Cluster manager not discovered exception

accidentaladmin · March 15, 2024, 7:49pm

Before you post: Your responses to these questions will help the community help you. Please complete this template if you’re asking a support question.
Don’t forget to select tags to help index your topic!

1. Describe your incident:

I am getting daily errors such as follows:

OpenSearchException[OpenSearch exception [type=cluster_manager_not_discovered_exception, reason=FailedToCommitClusterStateException[publication failed]; 
nested: OpenSearchException[publication cancelled before committing: timed out after 30s];]]; 
nested: OpenSearchException[OpenSearch exception [type=failed_to_commit_cluster_state_exception, reason=publication failed]]; 
nested: OpenSearchException[OpenSearch exception [type=exception, reason=publication cancelled before committing: timed out after 30s]];

This has been attached to multiple streams with multiple indices.

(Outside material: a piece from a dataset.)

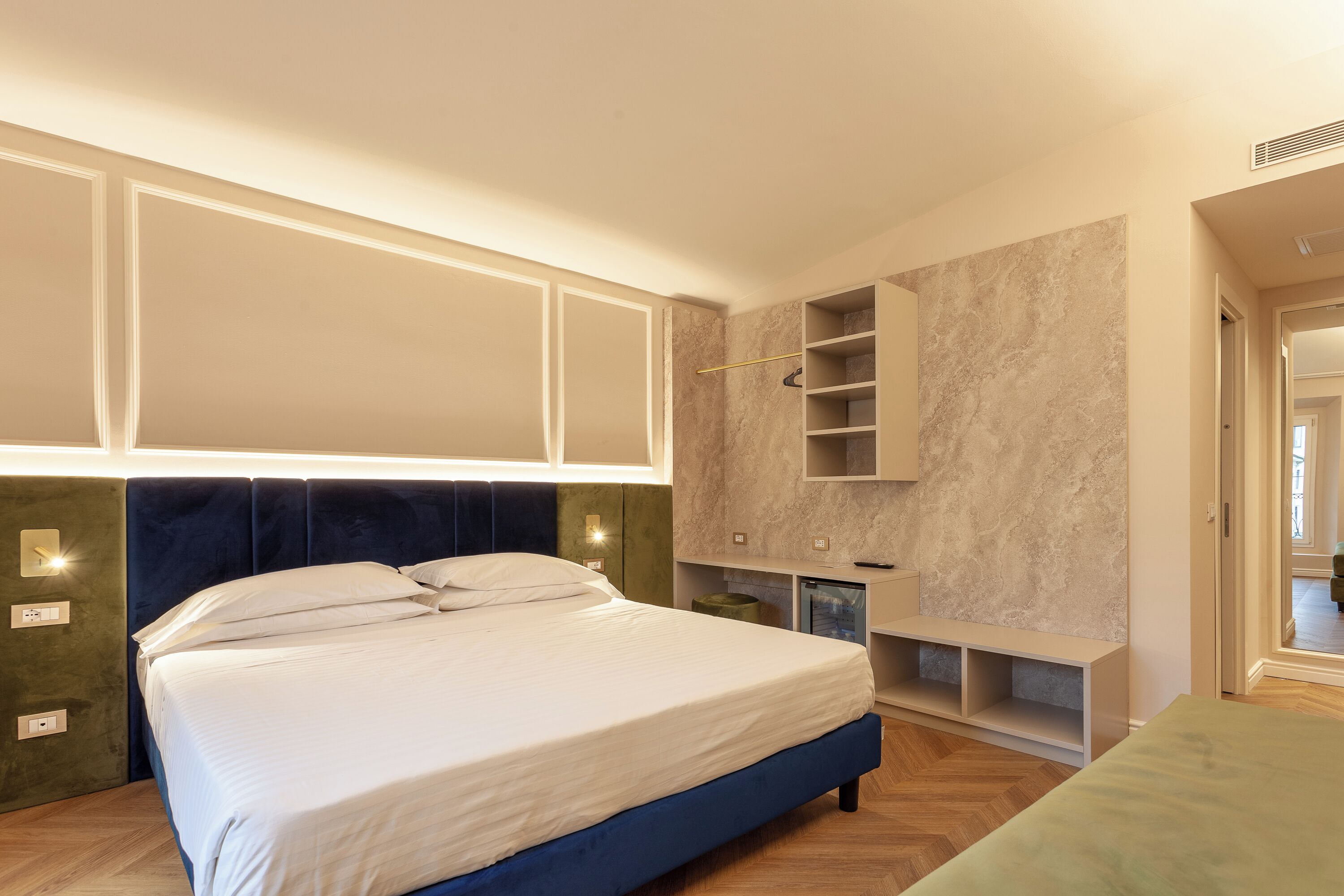 A bedroom with a large bed, built-in shelving, and a vanity with a mirror.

2. Describe your environment:

OS Information:
Debian 11
Package Version:
Graylog 5.2.5+7eaa89d
Service logs, configurations, and environment variables:

The above is the extent.

3. What steps have you already taken to try and solve the problem?

None

4. How can the community help?

Does anyone know if I should be concerned? I have another issue about which I will post shortly but, in sum, a previously functional stream no longer commits messages to the relevant index.

Joel_Duffield · March 16, 2024, 10:38pm

Both your issues point to opensearch problems, how many nodes do you have in your opensearch cluster, and how close are they to each other (how many network hops between them)

accidentaladmin · March 17, 2024, 7:24pm

3 opensearch nodes (all three data, one also marked cluster manager]. All three reside in the same subnet on the same ProxMox host. Each node has 32GB RAM (heap set to 16GB) and 16 cores.

One thing that may cause issues (that I am now just realizing) is that each node is identified within the Graylog server conf by their FQDN as opposed to IP address.

Joel_Duffield · March 17, 2024, 8:08pm

Depending on how resilient the dns is, ip may be more reliable. Do you mean you have purposely made only one manager, or that ine was elected.

accidentaladmin · March 17, 2024, 8:22pm

Purposely tagged one as manager.
I.e.

graynode-0: node.roles: [cluster_manager, data]
graynode-1: node.roles: [ data ]
graynode-2: node.roles: [ data ]

I’m guessing that was wrong?

Joel_Duffield · March 18, 2024, 10:51am

Its generally not required to have dedicated managers until you get pretty large, and you definitely want more that one, so ya i would give them all the role.

accidentaladmin · March 18, 2024, 1:37pm

Cool; ill give that a shot

accidentaladmin · March 19, 2024, 3:19pm

So upon giving that a try:

Would it be better to not have any cluster_managers affirmatively declared?

kpearson · March 21, 2024, 10:19am

It looks like an OpenSearch cluster formation issue. Can you verify that all your OpenSearch nodes can reach each other and that the configuration is correct? Do you use security enabled on OpenSearch or disabled?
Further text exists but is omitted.